§ TASK TO CARRY OUT
In the listing below, find each line containing "with" and report it.

§ DATA FOR THIS TASK
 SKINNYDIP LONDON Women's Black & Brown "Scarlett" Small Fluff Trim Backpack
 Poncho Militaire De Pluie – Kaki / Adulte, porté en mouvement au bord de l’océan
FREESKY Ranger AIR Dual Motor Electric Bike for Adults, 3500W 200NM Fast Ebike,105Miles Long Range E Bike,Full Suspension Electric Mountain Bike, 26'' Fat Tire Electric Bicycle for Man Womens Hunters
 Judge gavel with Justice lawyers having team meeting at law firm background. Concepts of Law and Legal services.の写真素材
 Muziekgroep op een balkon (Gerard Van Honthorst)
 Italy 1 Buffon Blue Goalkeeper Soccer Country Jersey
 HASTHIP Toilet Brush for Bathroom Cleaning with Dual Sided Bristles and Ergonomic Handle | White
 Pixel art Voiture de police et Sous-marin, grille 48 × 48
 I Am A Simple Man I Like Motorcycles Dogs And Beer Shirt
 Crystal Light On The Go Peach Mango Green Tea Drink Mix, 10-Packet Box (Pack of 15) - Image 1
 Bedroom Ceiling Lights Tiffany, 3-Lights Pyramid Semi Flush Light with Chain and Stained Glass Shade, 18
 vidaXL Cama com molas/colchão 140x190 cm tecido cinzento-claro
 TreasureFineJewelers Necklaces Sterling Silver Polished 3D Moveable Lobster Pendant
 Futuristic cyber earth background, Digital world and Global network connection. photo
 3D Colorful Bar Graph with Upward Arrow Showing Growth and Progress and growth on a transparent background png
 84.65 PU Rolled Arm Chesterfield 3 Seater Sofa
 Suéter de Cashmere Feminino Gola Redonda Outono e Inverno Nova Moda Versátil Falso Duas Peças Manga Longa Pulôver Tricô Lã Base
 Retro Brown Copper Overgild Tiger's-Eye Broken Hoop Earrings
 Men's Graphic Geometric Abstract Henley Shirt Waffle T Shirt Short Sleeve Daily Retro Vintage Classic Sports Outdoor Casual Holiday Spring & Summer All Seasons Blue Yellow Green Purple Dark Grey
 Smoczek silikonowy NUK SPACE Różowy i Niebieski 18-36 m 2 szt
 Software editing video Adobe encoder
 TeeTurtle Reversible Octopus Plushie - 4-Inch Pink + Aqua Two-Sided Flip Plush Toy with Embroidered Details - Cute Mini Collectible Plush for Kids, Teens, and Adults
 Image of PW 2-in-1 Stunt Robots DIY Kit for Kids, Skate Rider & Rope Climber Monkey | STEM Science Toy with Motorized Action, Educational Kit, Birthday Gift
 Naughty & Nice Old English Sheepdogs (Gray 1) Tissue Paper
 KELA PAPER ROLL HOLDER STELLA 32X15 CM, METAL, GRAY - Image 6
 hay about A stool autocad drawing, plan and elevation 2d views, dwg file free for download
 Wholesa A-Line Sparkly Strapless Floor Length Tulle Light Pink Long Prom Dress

§ EXERCISE ANSWER
 Judge gavel with Justice lawyers having team meeting at law firm background. Concepts of Law and Legal services.の写真素材
 HASTHIP Toilet Brush for Bathroom Cleaning with Dual Sided Bristles and Ergonomic Handle | White
 Bedroom Ceiling Lights Tiffany, 3-Lights Pyramid Semi Flush Light with Chain and Stained Glass Shade, 18
 3D Colorful Bar Graph with Upward Arrow Showing Growth and Progress and growth on a transparent background png
 TeeTurtle Reversible Octopus Plushie - 4-Inch Pink + Aqua Two-Sided Flip Plush Toy with Embroidered Details - Cute Mini Collectible Plush for Kids, Teens, and Adults
 Image of PW 2-in-1 Stunt Robots DIY Kit for Kids, Skate Rider & Rope Climber Monkey | STEM Science Toy with Motorized Action, Educational Kit, Birthday Gift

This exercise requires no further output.